Homomorphism from Rubik's Cube group to Symmetric Group.

Question

$R^2$ is the rotation of the right side by 180, $F^2$ is the rotation of the front by 180. Other than this I am completely lost and this blowing my mind. I wish I had more to build off of, but I am super confused.

Answer 1

Here is a picture with the relevent seven edge cubies labeled.

If you think about the action of $G = \langle \phi, \rho \rangle$ on that set $\Omega$ of cubies, it shouldn't be too hard to believe that the orbits are $\{1, 3\},~\{2, 4, 6\}$, and $\{5, 7\}$, which explains the $S_3 \times \Bbb Z_2^2$.

Now that we know our group $G$ lives inside $S_3 \times \Bbb Z_2^2$, we can indeed project onto $S_3$ denoting by $\pi$ the homomorphism $\pi : G \to S_3$.

To think about this map's kernel, note that $\phi \rho \phi = (2~6)(5~7)$ while $\rho \phi \rho$ permutes analogously, so that $(\phi \rho)^3 = (\rho \phi)^3 \in \ker \pi$.

Could anything else be in the kernel?

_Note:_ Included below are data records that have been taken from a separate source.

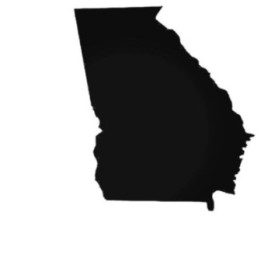 Buy Georgia Ga State Decal Sticker Online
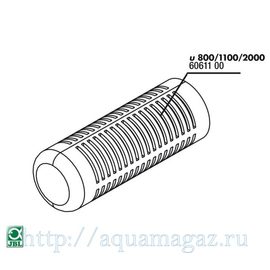Всасывающая трубка для установки фильтрующего картриджа для помп ProFlow u800/1100/2000 JBL Suction basket ProFlow u800/1100/200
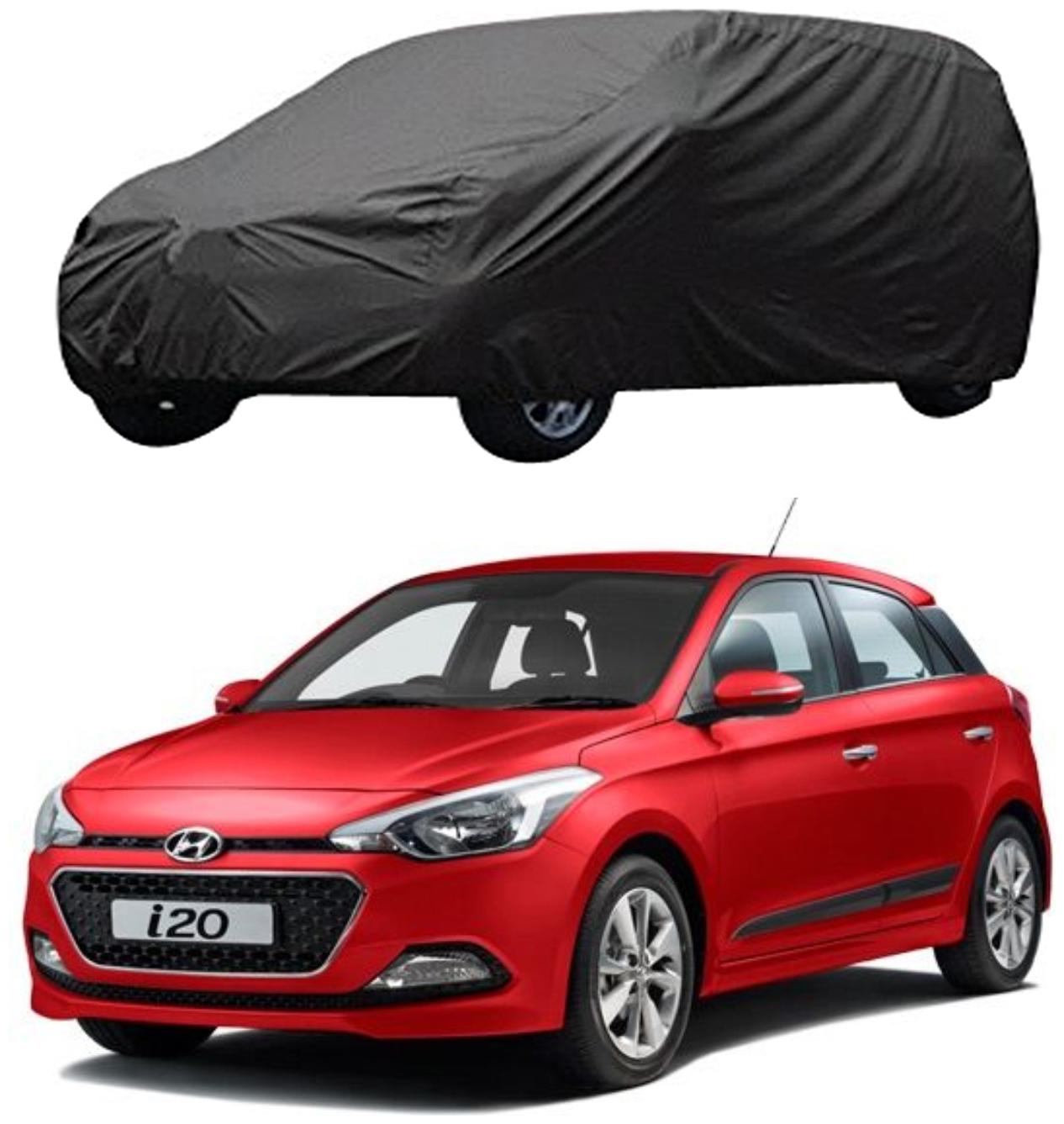 

AutoRetail Hyundai i20 Grey Car Body Cover for 2008 Model (Triple Stiched without Mirror Pocket)
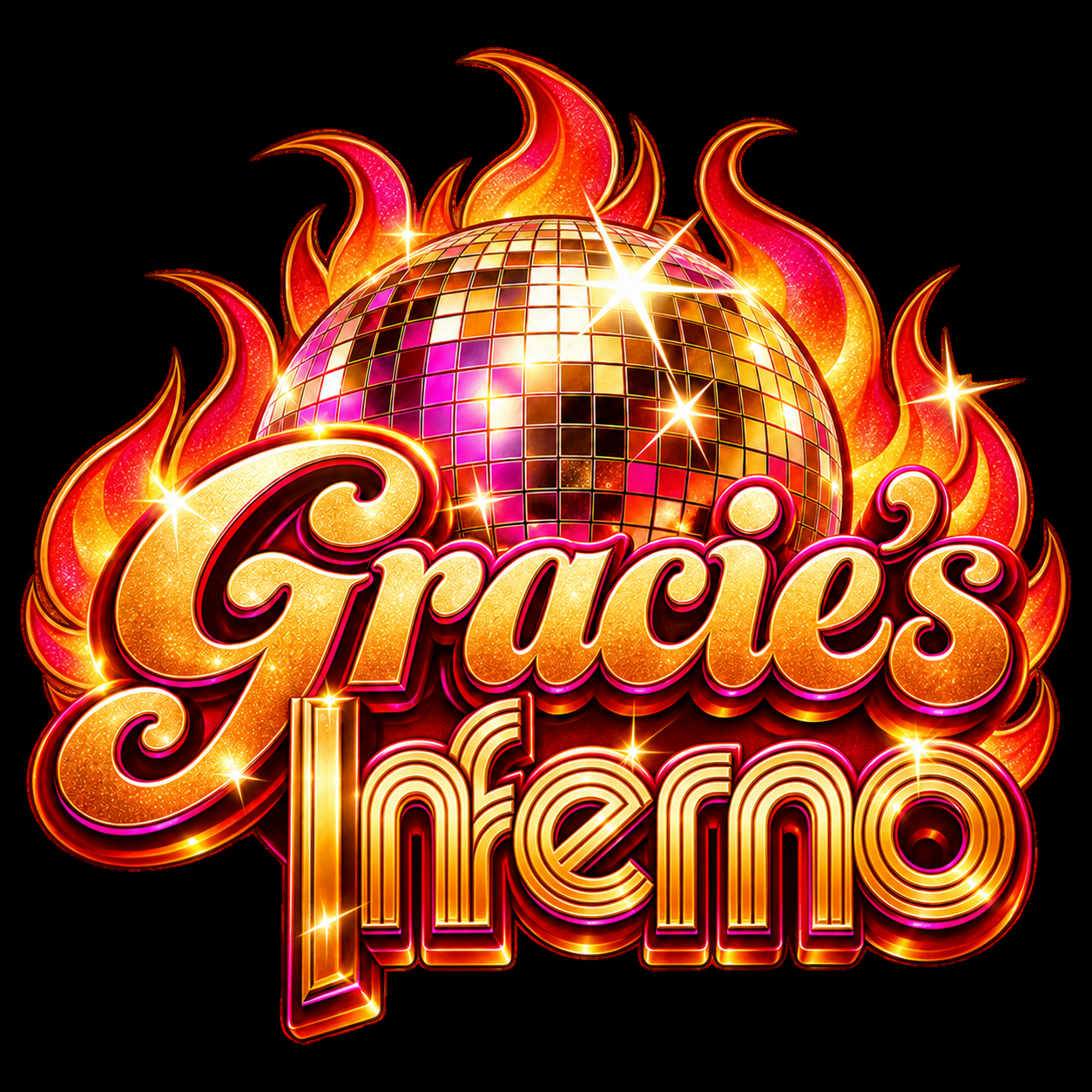 Gracie’s Inferno disco tribute logo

No, the kernel is $\langle (\phi \rho)^3 \rangle \cong \Bbb Z_2$ and I'll let you think about why. Truthfully, I haven't quite got a "good" reason, only a messy one. If I manage to articulate something, I'll update this answer accordingly.

This should be enough guidance for you to get your bearings, at least.